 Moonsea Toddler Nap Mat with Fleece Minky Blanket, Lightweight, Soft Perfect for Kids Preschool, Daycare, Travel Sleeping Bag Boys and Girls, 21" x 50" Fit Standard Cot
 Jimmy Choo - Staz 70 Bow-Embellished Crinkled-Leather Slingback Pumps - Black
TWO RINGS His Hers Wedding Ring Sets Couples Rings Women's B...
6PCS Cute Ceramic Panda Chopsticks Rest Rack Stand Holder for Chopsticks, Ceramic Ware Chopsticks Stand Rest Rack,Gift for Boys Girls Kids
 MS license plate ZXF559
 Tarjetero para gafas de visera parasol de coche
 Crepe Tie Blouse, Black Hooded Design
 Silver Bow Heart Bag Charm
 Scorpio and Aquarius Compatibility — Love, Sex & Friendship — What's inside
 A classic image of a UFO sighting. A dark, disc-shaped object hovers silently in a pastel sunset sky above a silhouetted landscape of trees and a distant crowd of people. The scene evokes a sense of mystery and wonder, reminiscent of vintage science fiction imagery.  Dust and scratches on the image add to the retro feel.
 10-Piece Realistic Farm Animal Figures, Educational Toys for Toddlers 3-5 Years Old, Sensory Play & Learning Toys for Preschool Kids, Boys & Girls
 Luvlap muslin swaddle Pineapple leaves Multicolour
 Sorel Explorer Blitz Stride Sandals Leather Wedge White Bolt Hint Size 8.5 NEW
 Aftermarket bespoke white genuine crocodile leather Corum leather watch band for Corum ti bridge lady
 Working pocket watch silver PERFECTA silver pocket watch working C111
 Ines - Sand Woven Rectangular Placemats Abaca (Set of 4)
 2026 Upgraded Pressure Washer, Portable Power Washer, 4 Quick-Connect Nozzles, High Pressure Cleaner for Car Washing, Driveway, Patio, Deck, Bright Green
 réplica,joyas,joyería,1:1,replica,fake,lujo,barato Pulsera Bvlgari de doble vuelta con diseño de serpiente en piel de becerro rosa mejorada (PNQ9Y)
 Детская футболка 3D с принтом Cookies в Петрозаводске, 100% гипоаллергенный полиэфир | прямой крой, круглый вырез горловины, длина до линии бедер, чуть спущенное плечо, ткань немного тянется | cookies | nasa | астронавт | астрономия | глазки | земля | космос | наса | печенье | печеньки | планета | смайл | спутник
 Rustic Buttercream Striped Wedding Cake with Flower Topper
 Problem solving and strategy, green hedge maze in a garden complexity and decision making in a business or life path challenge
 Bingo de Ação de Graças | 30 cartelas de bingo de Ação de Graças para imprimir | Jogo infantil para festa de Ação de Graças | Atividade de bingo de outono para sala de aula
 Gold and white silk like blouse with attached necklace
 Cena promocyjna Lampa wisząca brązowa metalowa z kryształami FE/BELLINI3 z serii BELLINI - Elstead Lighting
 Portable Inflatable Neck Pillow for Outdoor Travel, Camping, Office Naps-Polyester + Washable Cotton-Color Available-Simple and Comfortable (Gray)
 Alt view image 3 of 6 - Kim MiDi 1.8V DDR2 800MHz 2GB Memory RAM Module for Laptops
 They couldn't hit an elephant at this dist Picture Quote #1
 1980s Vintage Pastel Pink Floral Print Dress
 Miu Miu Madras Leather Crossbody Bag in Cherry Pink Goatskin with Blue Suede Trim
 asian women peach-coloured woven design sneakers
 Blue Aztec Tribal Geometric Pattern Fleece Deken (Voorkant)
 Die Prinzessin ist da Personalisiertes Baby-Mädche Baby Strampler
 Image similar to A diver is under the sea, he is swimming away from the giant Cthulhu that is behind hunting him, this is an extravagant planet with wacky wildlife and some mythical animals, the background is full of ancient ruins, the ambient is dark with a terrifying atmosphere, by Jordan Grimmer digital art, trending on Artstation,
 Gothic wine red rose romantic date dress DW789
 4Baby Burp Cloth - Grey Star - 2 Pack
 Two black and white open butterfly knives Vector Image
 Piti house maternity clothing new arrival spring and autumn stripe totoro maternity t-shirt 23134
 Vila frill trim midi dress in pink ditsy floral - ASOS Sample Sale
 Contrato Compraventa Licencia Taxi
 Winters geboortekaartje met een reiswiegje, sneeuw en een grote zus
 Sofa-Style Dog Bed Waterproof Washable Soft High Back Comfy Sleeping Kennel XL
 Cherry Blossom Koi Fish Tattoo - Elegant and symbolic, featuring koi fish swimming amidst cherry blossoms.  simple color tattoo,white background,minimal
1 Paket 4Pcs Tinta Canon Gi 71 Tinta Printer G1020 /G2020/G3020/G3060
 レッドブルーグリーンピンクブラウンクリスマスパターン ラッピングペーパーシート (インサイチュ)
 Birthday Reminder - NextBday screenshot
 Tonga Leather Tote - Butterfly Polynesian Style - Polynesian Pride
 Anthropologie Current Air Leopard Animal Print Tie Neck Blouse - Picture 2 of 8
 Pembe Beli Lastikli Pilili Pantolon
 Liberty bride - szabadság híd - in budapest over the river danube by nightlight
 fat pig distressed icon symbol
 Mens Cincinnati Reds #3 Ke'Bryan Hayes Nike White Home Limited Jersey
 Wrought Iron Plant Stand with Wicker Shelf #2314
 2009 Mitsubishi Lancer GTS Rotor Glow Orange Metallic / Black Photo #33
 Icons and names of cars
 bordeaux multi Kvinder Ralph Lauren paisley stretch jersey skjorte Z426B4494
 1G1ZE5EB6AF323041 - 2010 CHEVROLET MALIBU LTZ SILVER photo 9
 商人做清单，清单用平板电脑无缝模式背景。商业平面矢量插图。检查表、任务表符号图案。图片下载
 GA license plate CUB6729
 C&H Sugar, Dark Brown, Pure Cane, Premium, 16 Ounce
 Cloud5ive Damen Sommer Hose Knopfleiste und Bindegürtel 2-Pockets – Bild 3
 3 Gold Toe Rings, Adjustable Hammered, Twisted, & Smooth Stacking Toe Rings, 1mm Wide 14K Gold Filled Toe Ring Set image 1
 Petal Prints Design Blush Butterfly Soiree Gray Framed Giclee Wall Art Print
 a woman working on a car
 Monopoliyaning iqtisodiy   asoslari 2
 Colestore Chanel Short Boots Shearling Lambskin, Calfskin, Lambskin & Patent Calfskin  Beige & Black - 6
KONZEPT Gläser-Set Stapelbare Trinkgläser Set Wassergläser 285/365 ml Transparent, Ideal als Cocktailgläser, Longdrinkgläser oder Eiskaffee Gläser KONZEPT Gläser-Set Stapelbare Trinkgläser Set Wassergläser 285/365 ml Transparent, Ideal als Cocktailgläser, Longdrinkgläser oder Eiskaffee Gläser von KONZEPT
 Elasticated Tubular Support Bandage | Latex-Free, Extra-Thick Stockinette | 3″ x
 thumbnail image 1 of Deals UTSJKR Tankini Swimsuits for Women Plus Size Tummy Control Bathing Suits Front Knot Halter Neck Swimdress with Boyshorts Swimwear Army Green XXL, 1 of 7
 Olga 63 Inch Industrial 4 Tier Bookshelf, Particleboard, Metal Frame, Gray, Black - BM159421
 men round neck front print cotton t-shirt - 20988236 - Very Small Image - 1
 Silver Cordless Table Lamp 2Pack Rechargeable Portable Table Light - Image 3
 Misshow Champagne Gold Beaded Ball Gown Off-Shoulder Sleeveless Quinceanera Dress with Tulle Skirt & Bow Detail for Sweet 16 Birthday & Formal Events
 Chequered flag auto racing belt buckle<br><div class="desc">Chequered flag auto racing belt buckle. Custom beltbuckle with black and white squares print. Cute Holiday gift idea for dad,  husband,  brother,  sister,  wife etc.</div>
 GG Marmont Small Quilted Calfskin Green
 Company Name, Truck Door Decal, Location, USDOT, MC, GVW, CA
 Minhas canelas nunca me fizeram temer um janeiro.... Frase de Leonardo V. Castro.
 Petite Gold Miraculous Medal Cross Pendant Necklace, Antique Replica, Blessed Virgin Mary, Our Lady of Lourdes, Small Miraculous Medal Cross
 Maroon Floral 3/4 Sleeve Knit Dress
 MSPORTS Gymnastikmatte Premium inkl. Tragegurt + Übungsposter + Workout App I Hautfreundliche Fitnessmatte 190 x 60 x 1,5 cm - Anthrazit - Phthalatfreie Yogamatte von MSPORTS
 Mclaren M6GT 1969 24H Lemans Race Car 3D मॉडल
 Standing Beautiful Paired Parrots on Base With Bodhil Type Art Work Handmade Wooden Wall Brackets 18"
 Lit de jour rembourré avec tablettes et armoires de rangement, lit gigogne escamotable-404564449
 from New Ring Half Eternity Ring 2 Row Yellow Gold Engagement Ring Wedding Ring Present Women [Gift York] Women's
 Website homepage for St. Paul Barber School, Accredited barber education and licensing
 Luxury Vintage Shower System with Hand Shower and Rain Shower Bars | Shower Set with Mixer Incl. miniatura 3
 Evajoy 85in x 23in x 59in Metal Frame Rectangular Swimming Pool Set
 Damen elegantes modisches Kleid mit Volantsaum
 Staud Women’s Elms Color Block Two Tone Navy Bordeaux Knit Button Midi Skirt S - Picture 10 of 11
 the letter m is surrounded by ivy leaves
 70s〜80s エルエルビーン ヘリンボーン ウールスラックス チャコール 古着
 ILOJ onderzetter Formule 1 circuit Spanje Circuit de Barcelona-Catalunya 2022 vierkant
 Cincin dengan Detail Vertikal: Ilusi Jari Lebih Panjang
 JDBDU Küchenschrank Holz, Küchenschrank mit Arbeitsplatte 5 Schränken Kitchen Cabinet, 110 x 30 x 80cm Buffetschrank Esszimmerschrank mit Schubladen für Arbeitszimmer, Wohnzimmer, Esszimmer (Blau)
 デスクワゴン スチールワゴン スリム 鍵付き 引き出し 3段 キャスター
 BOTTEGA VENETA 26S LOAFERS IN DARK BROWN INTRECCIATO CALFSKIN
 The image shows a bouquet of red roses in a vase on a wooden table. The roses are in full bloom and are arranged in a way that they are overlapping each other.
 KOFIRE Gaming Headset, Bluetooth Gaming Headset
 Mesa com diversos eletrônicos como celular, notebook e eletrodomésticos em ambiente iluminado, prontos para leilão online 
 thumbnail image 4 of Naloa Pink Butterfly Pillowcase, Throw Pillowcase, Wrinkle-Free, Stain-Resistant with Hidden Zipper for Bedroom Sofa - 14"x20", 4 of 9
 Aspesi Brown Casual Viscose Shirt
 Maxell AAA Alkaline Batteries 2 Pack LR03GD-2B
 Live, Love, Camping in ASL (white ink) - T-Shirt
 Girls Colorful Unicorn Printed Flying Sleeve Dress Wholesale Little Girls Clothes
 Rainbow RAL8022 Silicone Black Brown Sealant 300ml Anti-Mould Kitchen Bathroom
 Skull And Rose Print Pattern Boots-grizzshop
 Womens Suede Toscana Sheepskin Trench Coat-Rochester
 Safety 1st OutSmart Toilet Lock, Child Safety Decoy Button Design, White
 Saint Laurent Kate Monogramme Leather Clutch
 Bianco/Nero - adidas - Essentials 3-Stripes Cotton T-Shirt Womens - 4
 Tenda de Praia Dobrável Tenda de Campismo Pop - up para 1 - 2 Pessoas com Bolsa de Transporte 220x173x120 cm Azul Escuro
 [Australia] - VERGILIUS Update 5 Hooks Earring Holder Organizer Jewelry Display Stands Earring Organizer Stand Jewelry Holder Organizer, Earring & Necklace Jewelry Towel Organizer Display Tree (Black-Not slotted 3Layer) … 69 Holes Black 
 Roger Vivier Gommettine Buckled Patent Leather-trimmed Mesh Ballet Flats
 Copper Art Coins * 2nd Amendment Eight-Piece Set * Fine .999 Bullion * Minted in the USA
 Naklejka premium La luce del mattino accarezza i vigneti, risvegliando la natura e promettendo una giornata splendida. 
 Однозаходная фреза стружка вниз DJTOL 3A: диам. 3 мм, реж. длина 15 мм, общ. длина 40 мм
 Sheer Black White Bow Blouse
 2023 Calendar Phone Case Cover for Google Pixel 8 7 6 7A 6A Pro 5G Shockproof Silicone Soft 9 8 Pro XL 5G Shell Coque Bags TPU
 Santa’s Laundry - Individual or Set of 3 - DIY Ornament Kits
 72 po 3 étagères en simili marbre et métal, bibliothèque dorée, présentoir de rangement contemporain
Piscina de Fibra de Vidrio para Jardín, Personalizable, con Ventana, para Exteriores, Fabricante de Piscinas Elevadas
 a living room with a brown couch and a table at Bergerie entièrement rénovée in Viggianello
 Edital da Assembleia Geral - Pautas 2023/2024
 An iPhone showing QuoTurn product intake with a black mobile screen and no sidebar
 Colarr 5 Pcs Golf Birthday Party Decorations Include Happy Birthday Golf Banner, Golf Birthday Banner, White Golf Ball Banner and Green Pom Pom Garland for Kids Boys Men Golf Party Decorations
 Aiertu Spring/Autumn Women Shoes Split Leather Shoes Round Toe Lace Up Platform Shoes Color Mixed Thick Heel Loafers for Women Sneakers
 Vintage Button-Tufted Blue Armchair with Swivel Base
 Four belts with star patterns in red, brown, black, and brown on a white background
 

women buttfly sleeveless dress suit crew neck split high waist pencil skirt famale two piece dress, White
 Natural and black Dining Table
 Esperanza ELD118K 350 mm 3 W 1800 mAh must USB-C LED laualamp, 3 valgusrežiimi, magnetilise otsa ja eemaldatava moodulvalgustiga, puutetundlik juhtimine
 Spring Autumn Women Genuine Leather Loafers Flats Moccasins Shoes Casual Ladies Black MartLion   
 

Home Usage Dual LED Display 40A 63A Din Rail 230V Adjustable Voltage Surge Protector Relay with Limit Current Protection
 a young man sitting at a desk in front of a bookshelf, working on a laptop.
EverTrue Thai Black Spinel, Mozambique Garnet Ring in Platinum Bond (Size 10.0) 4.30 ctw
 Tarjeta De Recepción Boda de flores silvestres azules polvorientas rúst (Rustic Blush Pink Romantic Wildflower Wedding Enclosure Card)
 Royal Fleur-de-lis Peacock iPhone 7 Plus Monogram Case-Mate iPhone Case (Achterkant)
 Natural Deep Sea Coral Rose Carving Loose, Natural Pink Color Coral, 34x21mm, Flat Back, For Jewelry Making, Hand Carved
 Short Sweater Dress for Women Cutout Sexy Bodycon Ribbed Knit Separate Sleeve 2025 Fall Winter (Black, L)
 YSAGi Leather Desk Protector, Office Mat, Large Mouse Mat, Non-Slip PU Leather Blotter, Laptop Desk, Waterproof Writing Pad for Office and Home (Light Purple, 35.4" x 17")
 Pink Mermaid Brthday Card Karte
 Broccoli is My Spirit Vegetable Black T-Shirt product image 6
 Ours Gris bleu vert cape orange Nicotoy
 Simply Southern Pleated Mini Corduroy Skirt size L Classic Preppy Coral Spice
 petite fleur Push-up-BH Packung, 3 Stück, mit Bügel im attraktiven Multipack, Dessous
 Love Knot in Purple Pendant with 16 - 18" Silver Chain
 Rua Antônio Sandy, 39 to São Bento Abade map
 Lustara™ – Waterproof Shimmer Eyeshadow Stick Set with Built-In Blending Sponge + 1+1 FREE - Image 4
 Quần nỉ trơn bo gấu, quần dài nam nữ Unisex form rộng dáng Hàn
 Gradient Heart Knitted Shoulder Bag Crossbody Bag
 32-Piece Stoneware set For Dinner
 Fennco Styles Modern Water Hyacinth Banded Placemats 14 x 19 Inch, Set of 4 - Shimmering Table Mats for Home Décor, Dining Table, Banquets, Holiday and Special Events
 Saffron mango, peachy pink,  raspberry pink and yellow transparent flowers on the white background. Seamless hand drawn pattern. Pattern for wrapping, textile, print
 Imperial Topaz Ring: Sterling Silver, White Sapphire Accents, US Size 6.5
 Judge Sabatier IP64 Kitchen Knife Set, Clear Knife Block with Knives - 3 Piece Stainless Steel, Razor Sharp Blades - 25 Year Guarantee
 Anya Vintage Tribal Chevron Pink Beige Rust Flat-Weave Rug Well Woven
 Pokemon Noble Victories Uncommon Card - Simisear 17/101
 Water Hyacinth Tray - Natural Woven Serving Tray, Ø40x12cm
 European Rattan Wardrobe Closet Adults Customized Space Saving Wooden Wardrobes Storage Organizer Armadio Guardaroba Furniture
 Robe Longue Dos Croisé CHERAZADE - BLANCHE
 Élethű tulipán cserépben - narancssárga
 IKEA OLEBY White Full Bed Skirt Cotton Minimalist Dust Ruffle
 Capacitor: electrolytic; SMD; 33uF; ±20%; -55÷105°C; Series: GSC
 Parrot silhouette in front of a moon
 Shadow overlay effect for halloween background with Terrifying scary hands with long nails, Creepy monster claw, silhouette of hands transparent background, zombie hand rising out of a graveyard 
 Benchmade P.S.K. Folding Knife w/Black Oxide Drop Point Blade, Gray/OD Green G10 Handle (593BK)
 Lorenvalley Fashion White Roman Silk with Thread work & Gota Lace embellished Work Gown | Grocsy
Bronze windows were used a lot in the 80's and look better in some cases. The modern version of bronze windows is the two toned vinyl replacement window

________________________________________

Send back an exact copy of only the lines from the line with "Blue Aztec Tribal" up to and including the line with "1 Paket 4Pcs" in the data above.

> [Result]
 Blue Aztec Tribal Geometric Pattern Fleece Deken (Voorkant)
 Die Prinzessin ist da Personalisiertes Baby-Mädche Baby Strampler
 Image similar to A diver is under the sea, he is swimming away from the giant Cthulhu that is behind hunting him, this is an extravagant planet with wacky wildlife and some mythical animals, the background is full of ancient ruins, the ambient is dark with a terrifying atmosphere, by Jordan Grimmer digital art, trending on Artstation,
 Gothic wine red rose romantic date dress DW789
 4Baby Burp Cloth - Grey Star - 2 Pack
 Two black and white open butterfly knives Vector Image
 Piti house maternity clothing new arrival spring and autumn stripe totoro maternity t-shirt 23134
 Vila frill trim midi dress in pink ditsy floral - ASOS Sample Sale
 Contrato Compraventa Licencia Taxi
 Winters geboortekaartje met een reiswiegje, sneeuw en een grote zus
 Sofa-Style Dog Bed Waterproof Washable Soft High Back Comfy Sleeping Kennel XL
 Cherry Blossom Koi Fish Tattoo - Elegant and symbolic, featuring koi fish swimming amidst cherry blossoms.  simple color tattoo,white background,minimal
1 Paket 4Pcs Tinta Canon Gi 71 Tinta Printer G1020 /G2020/G3020/G3060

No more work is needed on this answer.